I was interested in getting into a Kia Soul, similar in format, a nice little box with flip down seats. My first non-Toyota in most of my driving life. I found a dealer that actually wanted to sell me a car, and was able to work with me to find a manual transmission at the price I calculated was correct.

When I went to pick up the car, they handed me two keys. That's it, two keys! No powered fob that costs half the price of the car if you lose it, no "auto-open" doors with a clicker, no panic alarm, no opening the doors by sitting on your keys, no nuttin'. They said "sorry, that's it with the manual model". I almost started crying, I said: "...you've made me the happiest man in the world!" I said the only way I could be happier is if it had roll down manual windows!

Why don’t you remove your car keys from your pocket when you play pool and hang them on or near the doorknob so you are sure to remember to pick them up when you leave your pool shed?

[I'm considering that, but the problem is that I know myself.

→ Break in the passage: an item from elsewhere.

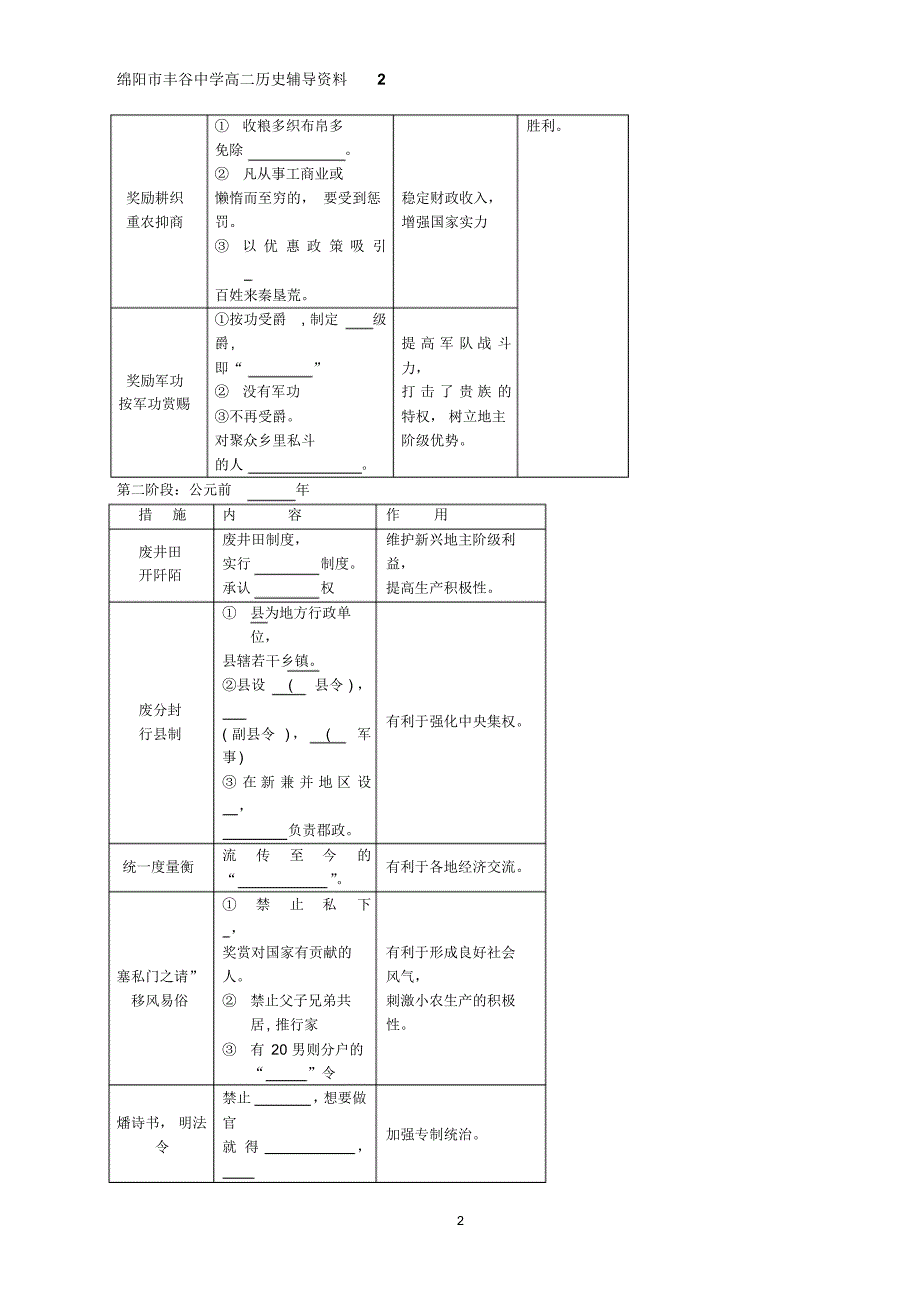 人民版历史选修一导学案专题二三_第2页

Let's just say that the chances of me locking my keys in the pool shed would be on the high side. --Mike]

A possibly sub-optimal solution:

---------- One -------------
Lead-acid batteries really don't like to be fully discharged. The ones used in cars REALLY don't like it.

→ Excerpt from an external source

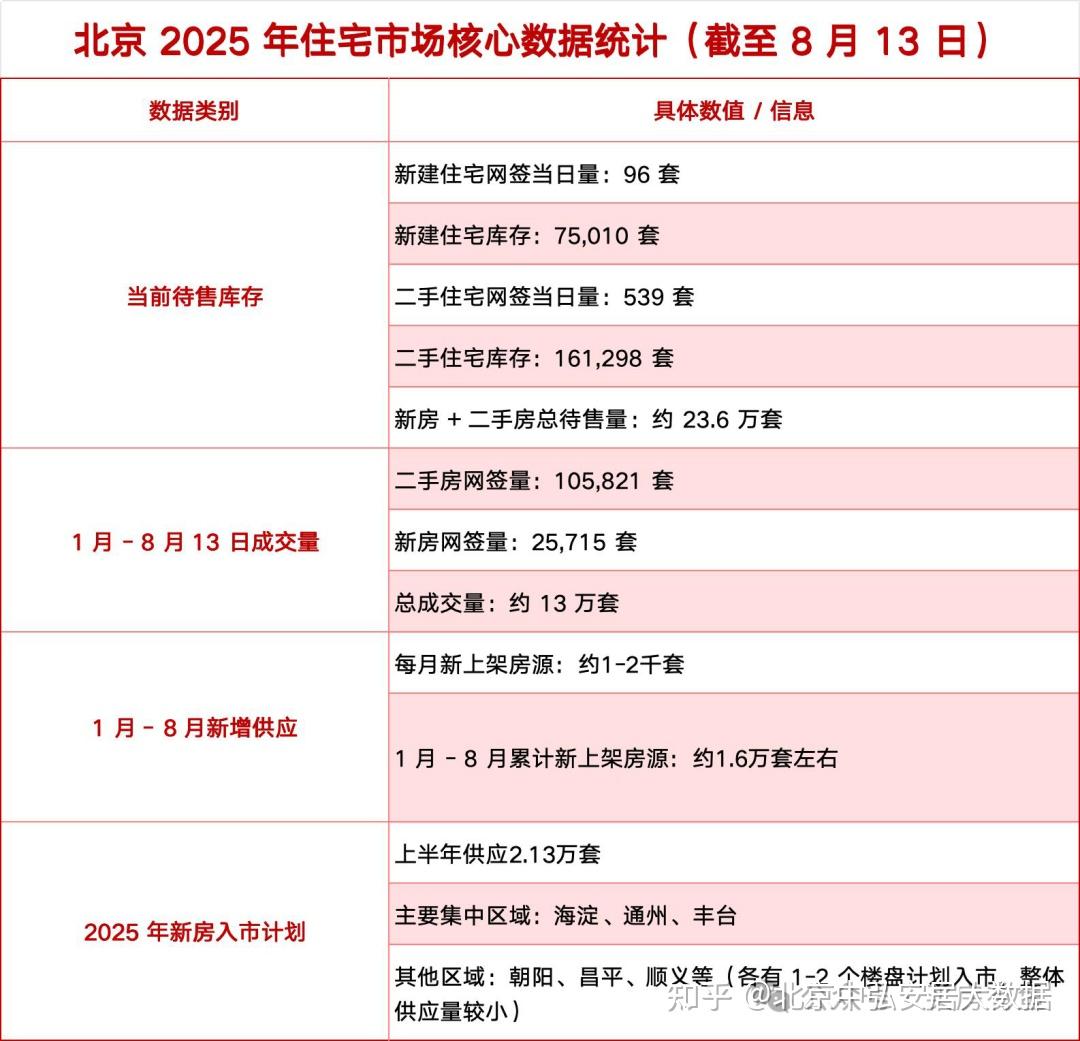北京楼市，23.6万套库存艰难待售......学区房的天，塌了 - 知乎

Even deep discharge models, such as used in boats, RVs etc., age faster if discharged below 25% ~=12.0 v.

The model of deep discharge, followed by jump, is a model of short battery life.

One of the quirks of my beloved 26 yo convertible is a tendency to randomly empty the battery. Put an ammeter on it, nada, have a shop check it overnight, nada. Use it day to day and happen to leave it unused for a few days and, the other kind of nada.

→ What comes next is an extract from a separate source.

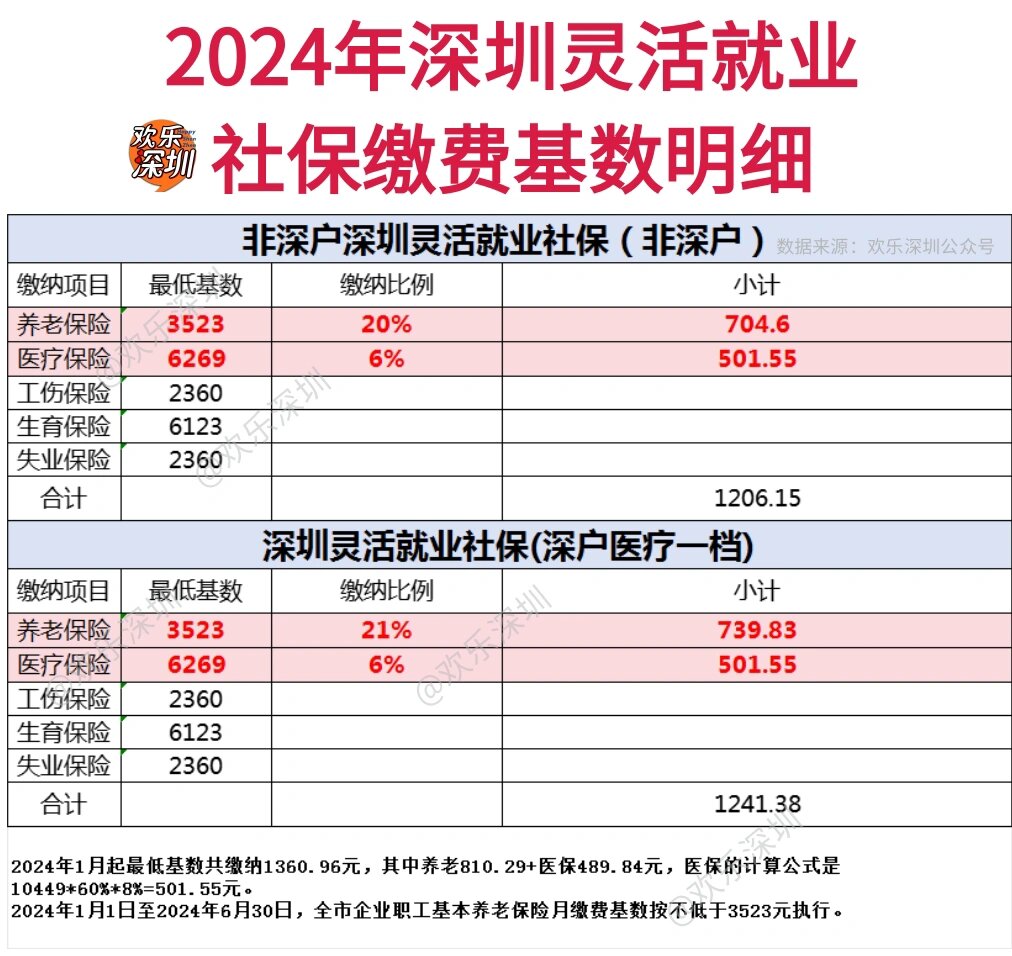 2024年深圳灵活就业社保缴费基数明细表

The solution that has finally freed me from this madness for the last three years is a smart Charger/Maintainer
like this

Press the button against the pool table, the battery starts going down a little, the charger starts up, bringing the battery up to 100% while happily keeping the lights (or whatever) on.

---------- Two -------------

For the specific situation, and for most "dead" battery situations, the thingie you bought sounds fine. But what about when you are out, in the dark, likely somewhere remote, and the battery is actually dead, no 2-3 amps to charge the capacitors?

Yup, been there, more than once.* The definitive answer really IS a LiIon Jumper battery. I bought this one (or an identical looking earlier model) from Costco for $50-60.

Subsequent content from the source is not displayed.